→ YOUR GOAL: Your task is to give the listing below back word for word, pictures excluded.

________

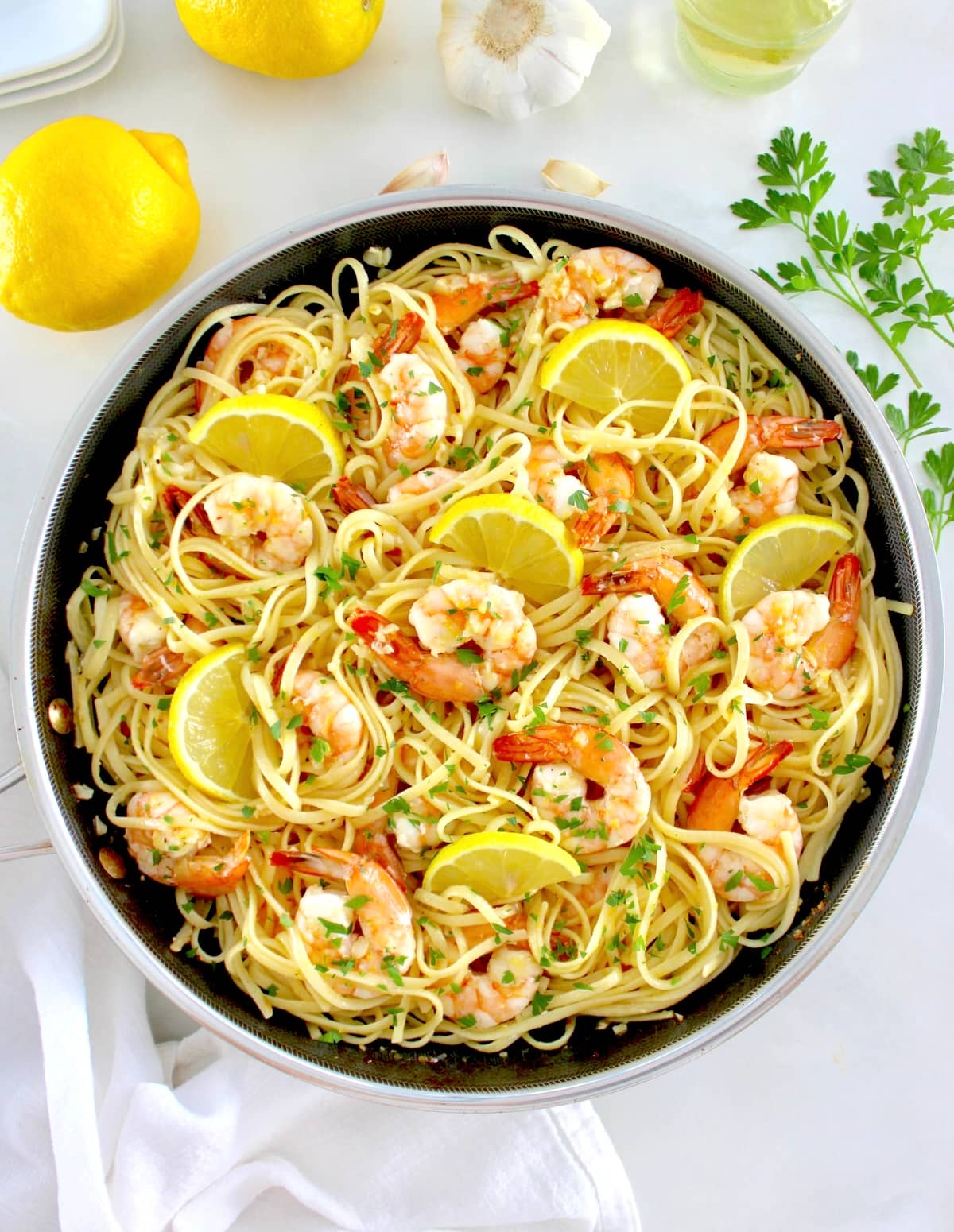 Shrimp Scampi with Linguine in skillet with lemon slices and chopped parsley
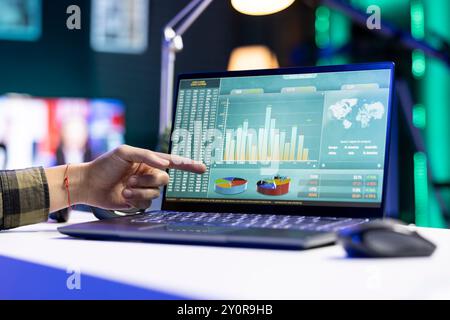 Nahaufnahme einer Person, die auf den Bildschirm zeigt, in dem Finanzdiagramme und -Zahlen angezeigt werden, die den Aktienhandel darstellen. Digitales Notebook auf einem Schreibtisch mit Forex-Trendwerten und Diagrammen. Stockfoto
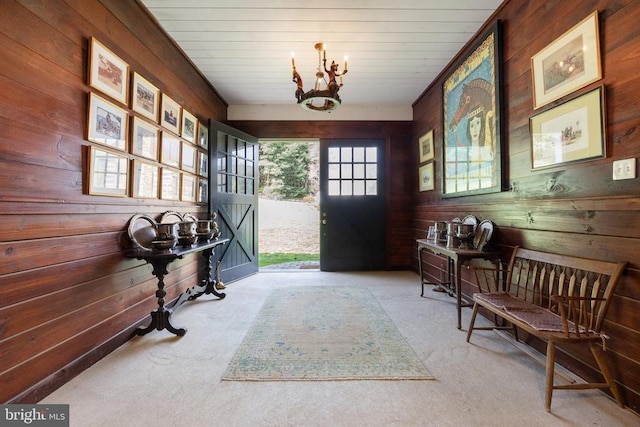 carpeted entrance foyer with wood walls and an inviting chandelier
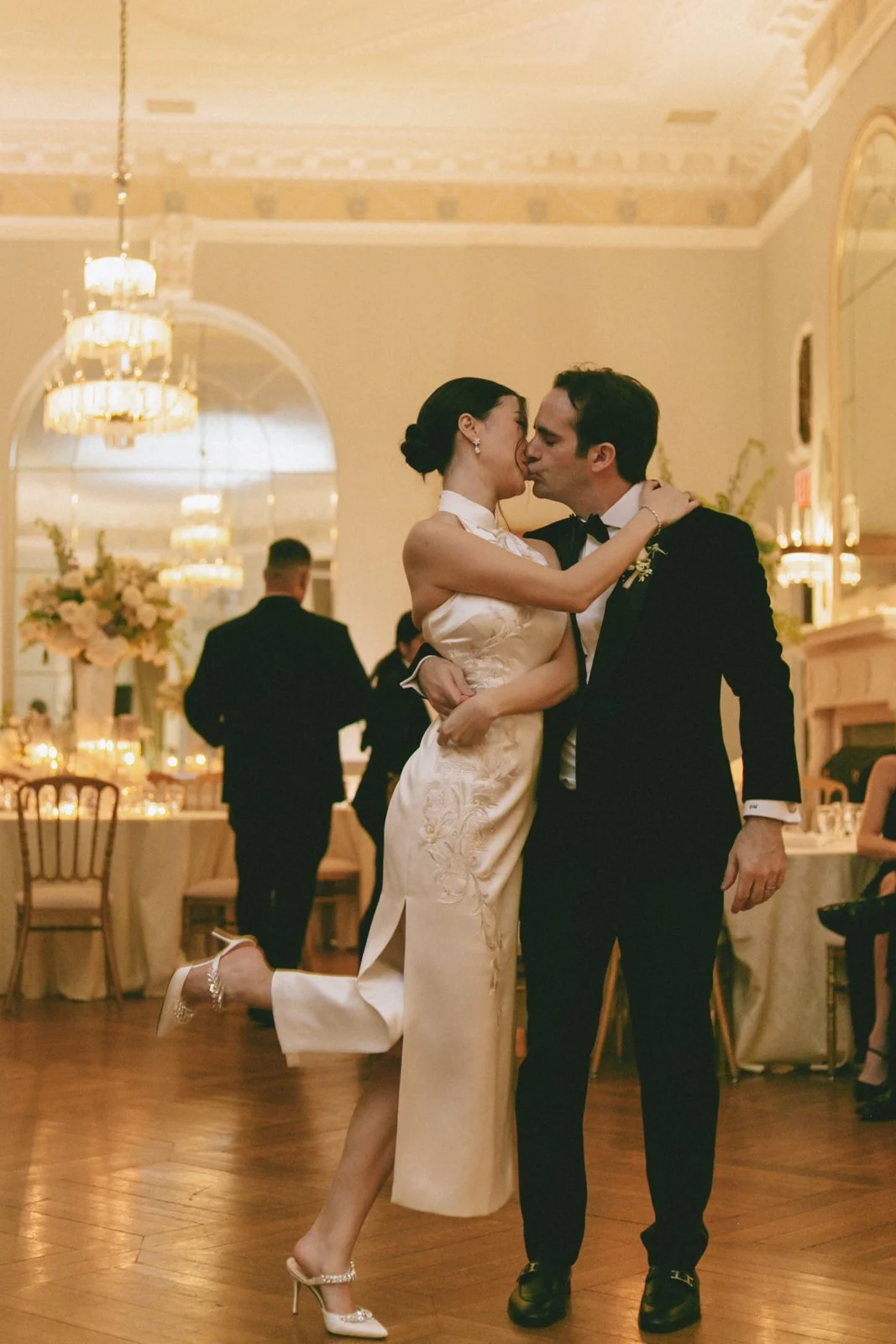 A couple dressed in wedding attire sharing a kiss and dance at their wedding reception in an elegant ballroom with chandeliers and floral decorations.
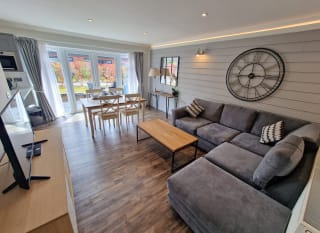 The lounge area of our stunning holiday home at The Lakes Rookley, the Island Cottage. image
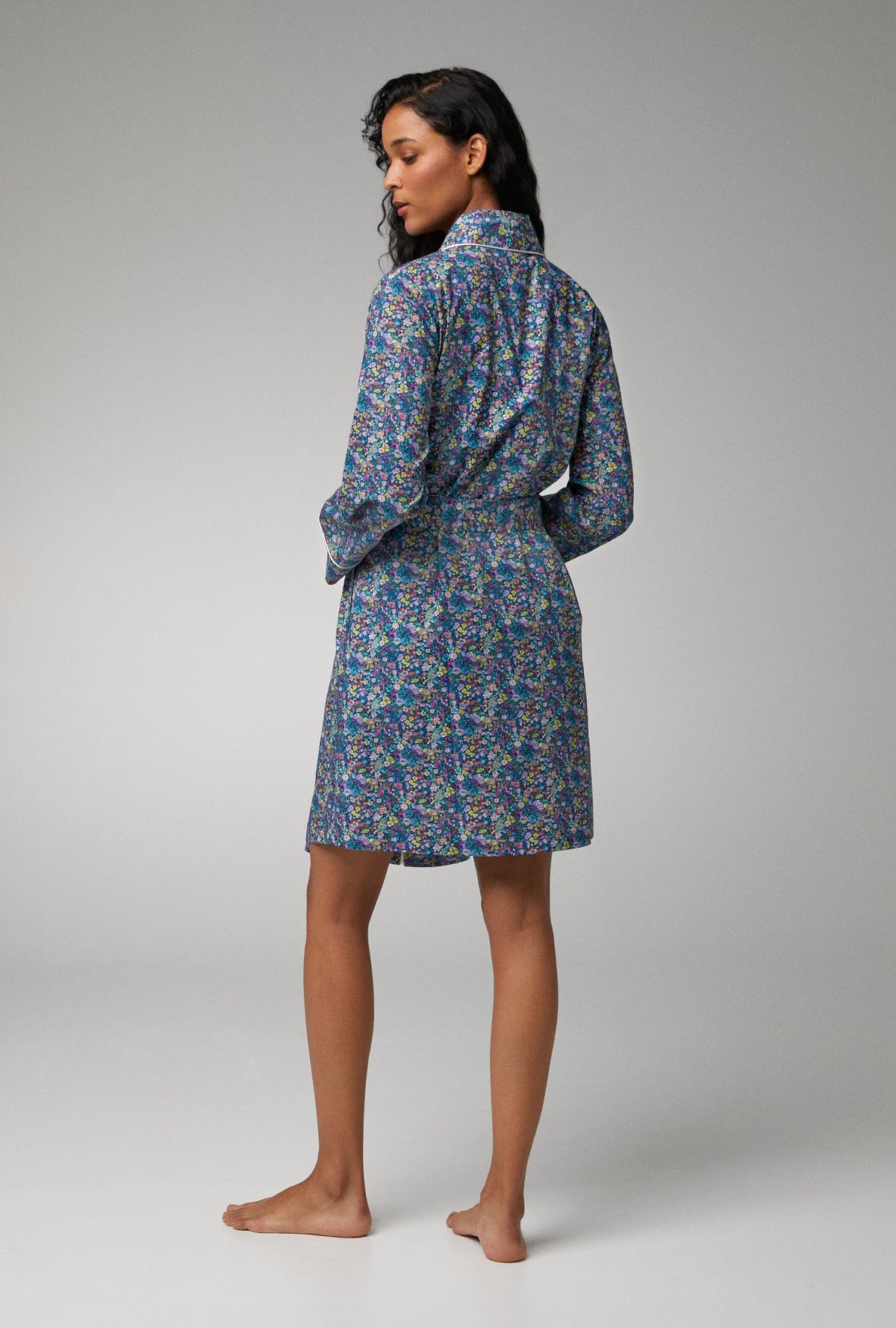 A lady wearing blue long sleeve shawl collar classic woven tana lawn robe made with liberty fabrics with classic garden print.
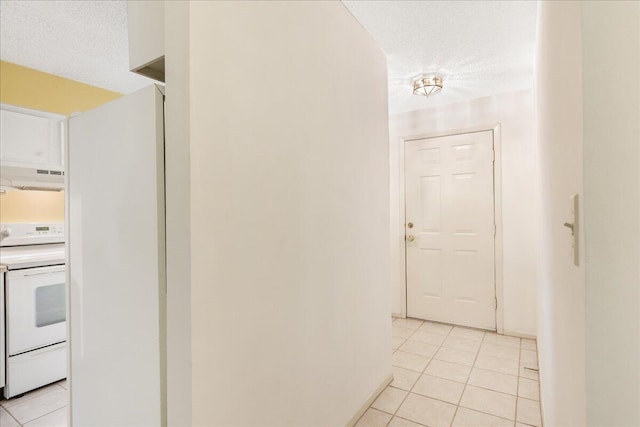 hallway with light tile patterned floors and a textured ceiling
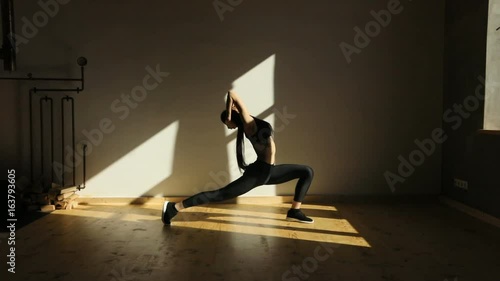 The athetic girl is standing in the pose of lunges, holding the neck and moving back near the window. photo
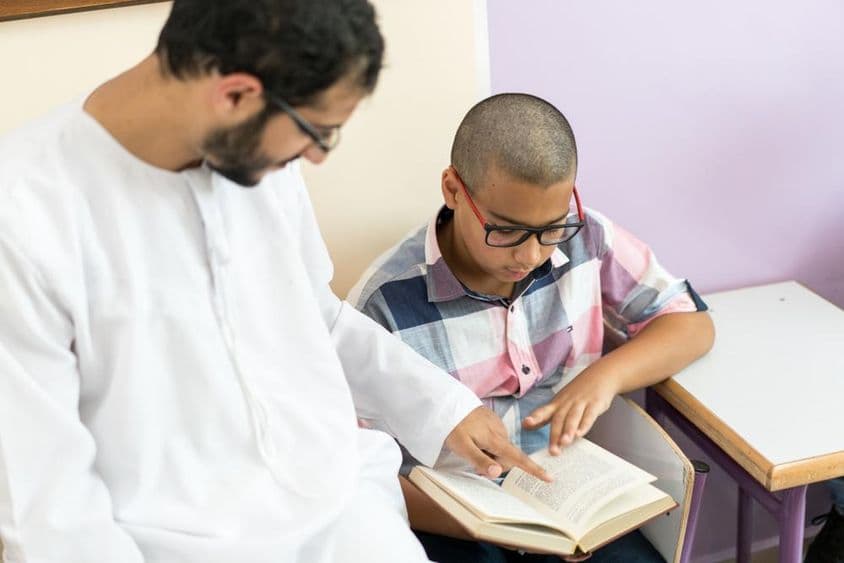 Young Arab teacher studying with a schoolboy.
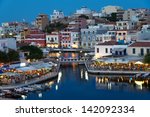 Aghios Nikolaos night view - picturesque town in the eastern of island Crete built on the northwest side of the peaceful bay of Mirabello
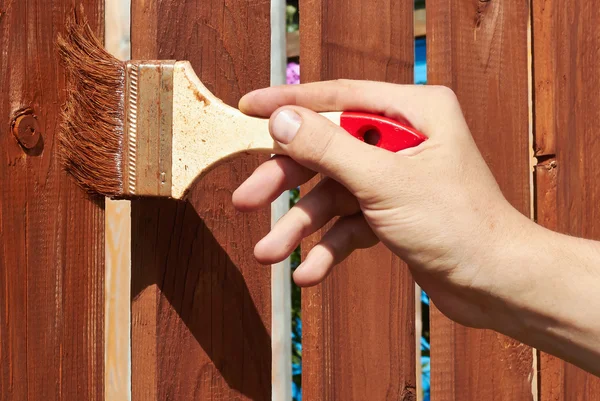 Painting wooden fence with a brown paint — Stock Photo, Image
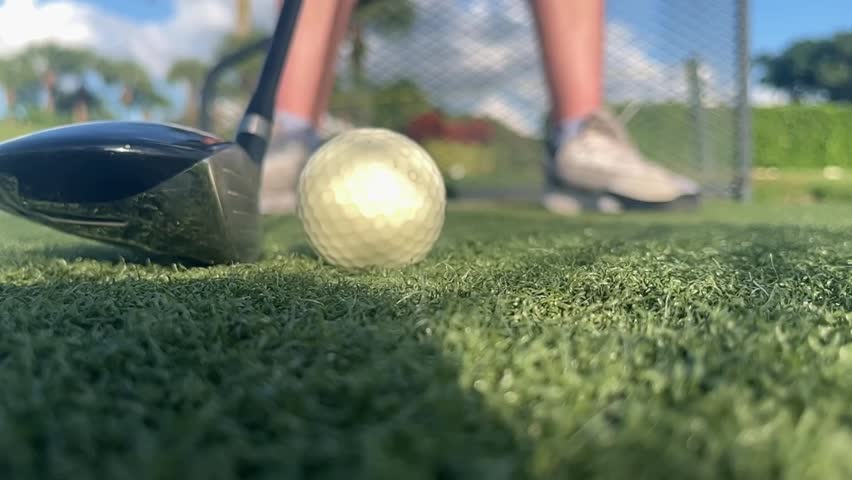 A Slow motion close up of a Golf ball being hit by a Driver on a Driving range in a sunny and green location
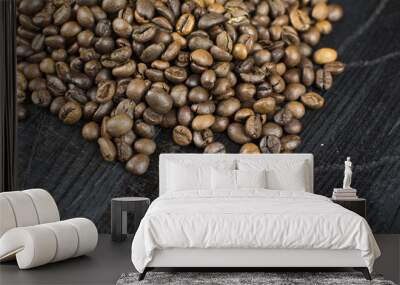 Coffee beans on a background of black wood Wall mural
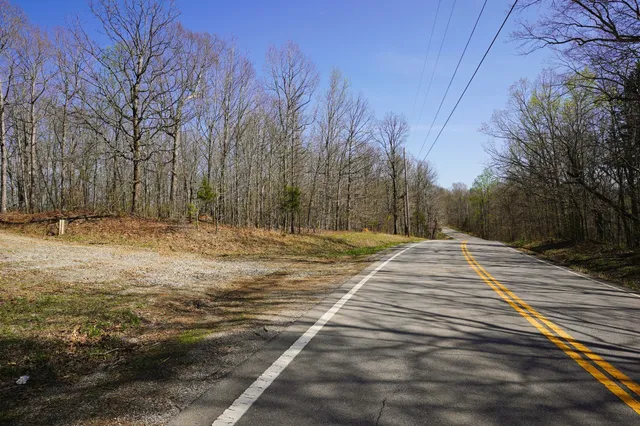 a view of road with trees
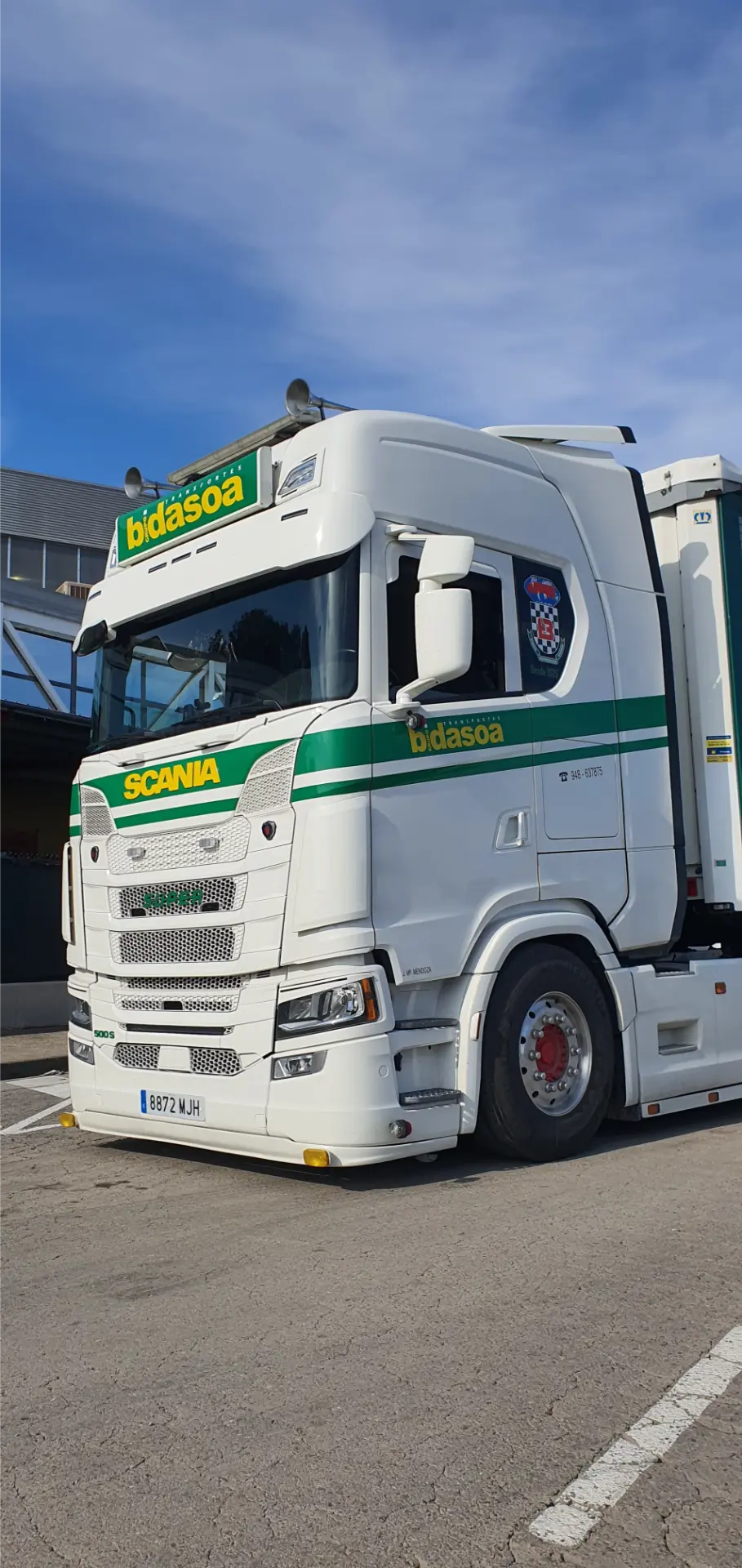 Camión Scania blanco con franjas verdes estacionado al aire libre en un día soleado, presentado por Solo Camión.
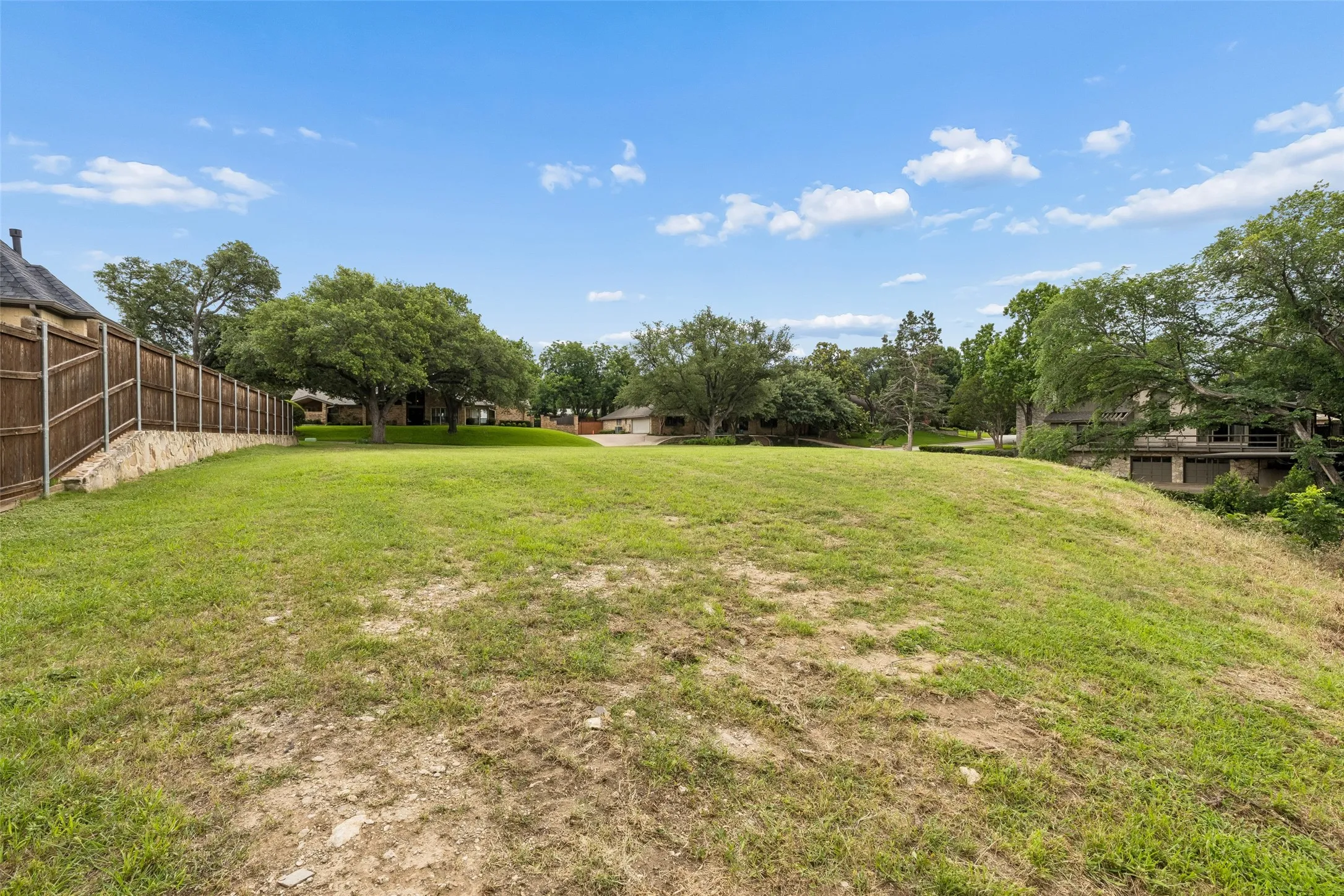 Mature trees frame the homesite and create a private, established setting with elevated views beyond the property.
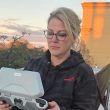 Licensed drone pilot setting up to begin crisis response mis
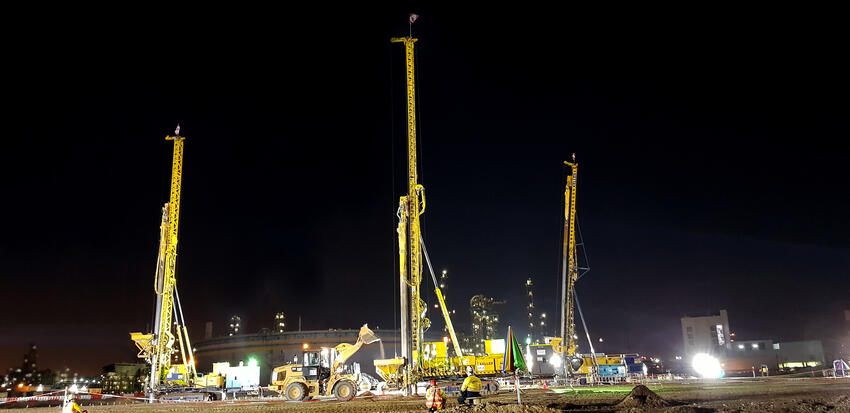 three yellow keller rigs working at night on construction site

________

→ ANSWER BOX:
 Shrimp Scampi with Linguine in skillet with lemon slices and chopped parsley
 Nahaufnahme einer Person, die auf den Bildschirm zeigt, in dem Finanzdiagramme und -Zahlen angezeigt werden, die den Aktienhandel darstellen. Digitales Notebook auf einem Schreibtisch mit Forex-Trendwerten und Diagrammen. Stockfoto
 carpeted entrance foyer with wood walls and an inviting chandelier
 A couple dressed in wedding attire sharing a kiss and dance at their wedding reception in an elegant ballroom with chandeliers and floral decorations.
 The lounge area of our stunning holiday home at The Lakes Rookley, the Island Cottage. image
 A lady wearing blue long sleeve shawl collar classic woven tana lawn robe made with liberty fabrics with classic garden print.
 hallway with light tile patterned floors and a textured ceiling
 The athetic girl is standing in the pose of lunges, holding the neck and moving back near the window. photo
 Young Arab teacher studying with a schoolboy.
 Aghios Nikolaos night view - picturesque town in the eastern of island Crete built on the northwest side of the peaceful bay of Mirabello
 Painting wooden fence with a brown paint — Stock Photo, Image
 A Slow motion close up of a Golf ball being hit by a Driver on a Driving range in a sunny and green location
 Coffee beans on a background of black wood Wall mural
 a view of road with trees
 Camión Scania blanco con franjas verdes estacionado al aire libre en un día soleado, presentado por Solo Camión.
 Mature trees frame the homesite and create a private, established setting with elevated views beyond the property.
 Licensed drone pilot setting up to begin crisis response mis
 three yellow keller rigs working at night on construction site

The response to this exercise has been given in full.